:: TASK OBJECTIVE ::
What is needed is an exact reproduction of the lines from the one that contains "The introduction concludes" through the end of the data, both included and nothing else, with pictures omitted.

Items listed in a dataset

┌──

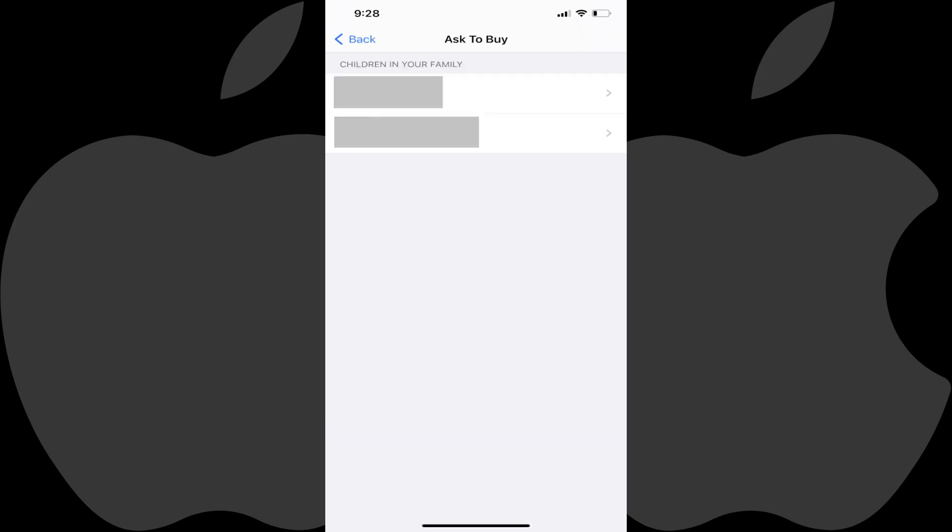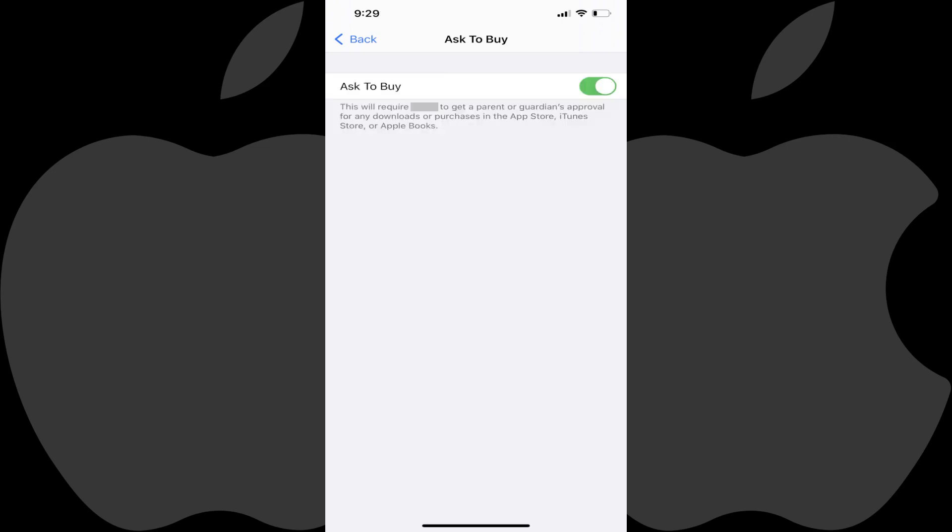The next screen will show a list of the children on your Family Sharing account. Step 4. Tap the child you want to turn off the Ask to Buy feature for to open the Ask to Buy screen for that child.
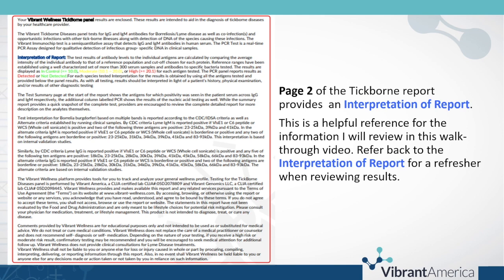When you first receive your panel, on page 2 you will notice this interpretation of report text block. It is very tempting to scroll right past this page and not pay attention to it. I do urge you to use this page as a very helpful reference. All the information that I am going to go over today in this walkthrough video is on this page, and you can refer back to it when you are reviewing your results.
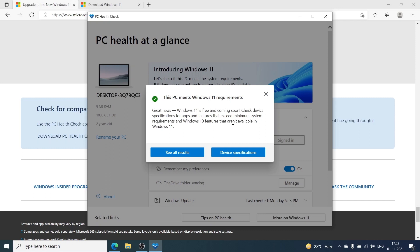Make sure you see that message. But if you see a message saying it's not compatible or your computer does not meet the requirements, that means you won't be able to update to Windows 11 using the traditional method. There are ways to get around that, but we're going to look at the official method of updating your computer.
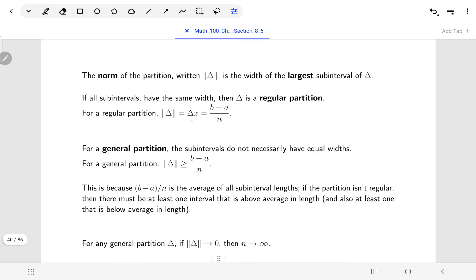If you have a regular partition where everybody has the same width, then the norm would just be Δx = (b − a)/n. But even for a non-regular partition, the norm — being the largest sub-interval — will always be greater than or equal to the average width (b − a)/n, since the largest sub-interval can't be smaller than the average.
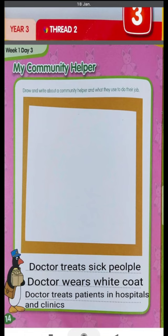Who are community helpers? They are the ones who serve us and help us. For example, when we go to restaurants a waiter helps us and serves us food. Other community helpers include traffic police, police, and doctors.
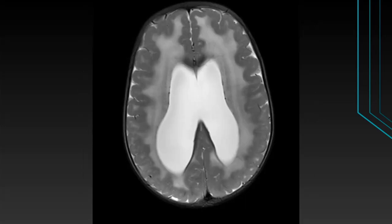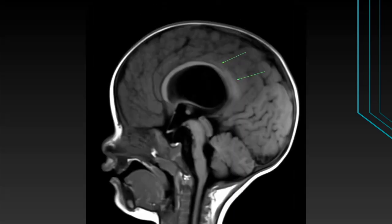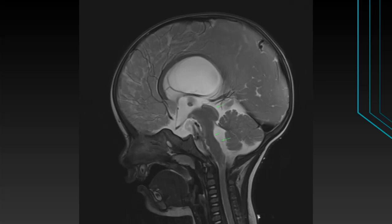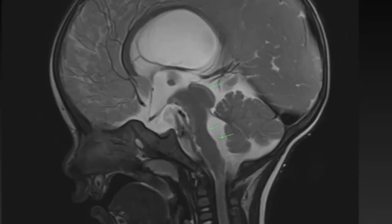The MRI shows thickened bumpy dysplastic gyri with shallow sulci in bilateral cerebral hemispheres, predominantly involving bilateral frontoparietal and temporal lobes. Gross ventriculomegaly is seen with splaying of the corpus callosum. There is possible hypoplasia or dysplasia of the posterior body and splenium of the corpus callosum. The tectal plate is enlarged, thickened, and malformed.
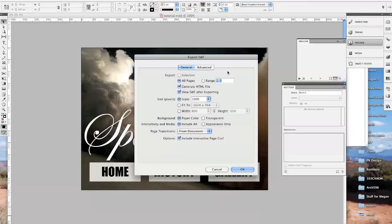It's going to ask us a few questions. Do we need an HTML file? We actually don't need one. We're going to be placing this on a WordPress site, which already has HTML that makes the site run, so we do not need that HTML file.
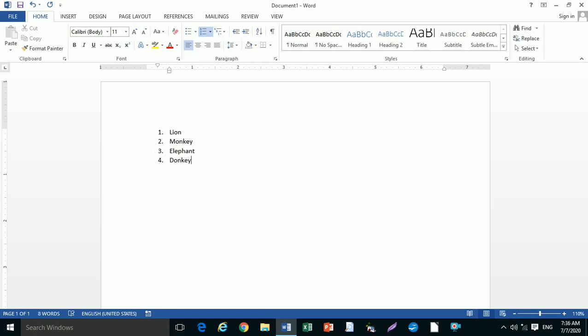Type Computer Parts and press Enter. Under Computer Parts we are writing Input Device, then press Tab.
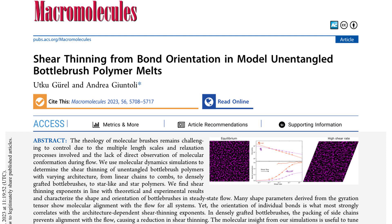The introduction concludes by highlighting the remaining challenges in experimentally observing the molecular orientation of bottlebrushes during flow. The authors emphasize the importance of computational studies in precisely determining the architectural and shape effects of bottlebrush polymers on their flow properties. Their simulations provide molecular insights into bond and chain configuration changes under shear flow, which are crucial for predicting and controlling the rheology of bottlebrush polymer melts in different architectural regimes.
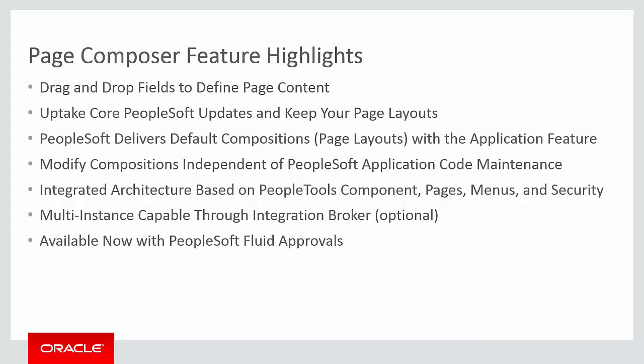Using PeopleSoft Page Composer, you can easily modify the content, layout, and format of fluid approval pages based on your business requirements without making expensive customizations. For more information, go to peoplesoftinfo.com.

└──

:: SOLVED PROBLEM ::
The introduction concludes by highlighting the remaining challenges in experimentally observing the molecular orientation of bottlebrushes during flow. The authors emphasize the importance of computational studies in precisely determining the architectural and shape effects of bottlebrush polymers on their flow properties. Their simulations provide molecular insights into bond and chain configuration changes under shear flow, which are crucial for predicting and controlling the rheology of bottlebrush polymer melts in different architectural regimes.
Using PeopleSoft Page Composer, you can easily modify the content, layout, and format of fluid approval pages based on your business requirements without making expensive customizations. For more information, go to peoplesoftinfo.com.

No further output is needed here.